**Problem statement**
Your answer should be the exact lines of the data below from the one containing "Overalls Barrel-Leg Loose-Fit" through the one containing "D-Type (XSV 979)&nbsp;Jaguar"; please include nothing else.
—————
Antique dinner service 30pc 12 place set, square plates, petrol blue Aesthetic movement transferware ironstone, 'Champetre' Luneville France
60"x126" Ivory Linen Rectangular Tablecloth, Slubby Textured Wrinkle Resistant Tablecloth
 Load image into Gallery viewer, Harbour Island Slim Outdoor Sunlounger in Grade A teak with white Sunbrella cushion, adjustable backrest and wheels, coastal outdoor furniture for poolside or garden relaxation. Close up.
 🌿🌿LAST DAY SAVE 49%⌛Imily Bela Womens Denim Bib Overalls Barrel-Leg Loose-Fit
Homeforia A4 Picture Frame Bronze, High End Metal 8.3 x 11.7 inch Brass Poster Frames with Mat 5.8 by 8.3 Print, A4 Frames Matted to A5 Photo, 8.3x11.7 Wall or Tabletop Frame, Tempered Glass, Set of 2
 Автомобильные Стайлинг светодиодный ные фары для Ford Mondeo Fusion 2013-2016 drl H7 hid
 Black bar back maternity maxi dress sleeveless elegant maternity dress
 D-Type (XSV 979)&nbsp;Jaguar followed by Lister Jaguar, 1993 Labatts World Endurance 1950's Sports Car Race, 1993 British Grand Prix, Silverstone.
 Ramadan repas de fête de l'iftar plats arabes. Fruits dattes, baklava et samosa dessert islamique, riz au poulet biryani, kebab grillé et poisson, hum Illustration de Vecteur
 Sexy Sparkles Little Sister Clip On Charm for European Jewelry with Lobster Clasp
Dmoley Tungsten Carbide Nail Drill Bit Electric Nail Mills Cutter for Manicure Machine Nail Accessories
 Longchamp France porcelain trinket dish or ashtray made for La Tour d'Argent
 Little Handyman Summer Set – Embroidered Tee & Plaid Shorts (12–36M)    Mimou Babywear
—————
**Exercise result**
 🌿🌿LAST DAY SAVE 49%⌛Imily Bela Womens Denim Bib Overalls Barrel-Leg Loose-Fit
Homeforia A4 Picture Frame Bronze, High End Metal 8.3 x 11.7 inch Brass Poster Frames with Mat 5.8 by 8.3 Print, A4 Frames Matted to A5 Photo, 8.3x11.7 Wall or Tabletop Frame, Tempered Glass, Set of 2
 Автомобильные Стайлинг светодиодный ные фары для Ford Mondeo Fusion 2013-2016 drl H7 hid
 Black bar back maternity maxi dress sleeveless elegant maternity dress
 D-Type (XSV 979)&nbsp;Jaguar followed by Lister Jaguar, 1993 Labatts World Endurance 1950's Sports Car Race, 1993 British Grand Prix, Silverstone.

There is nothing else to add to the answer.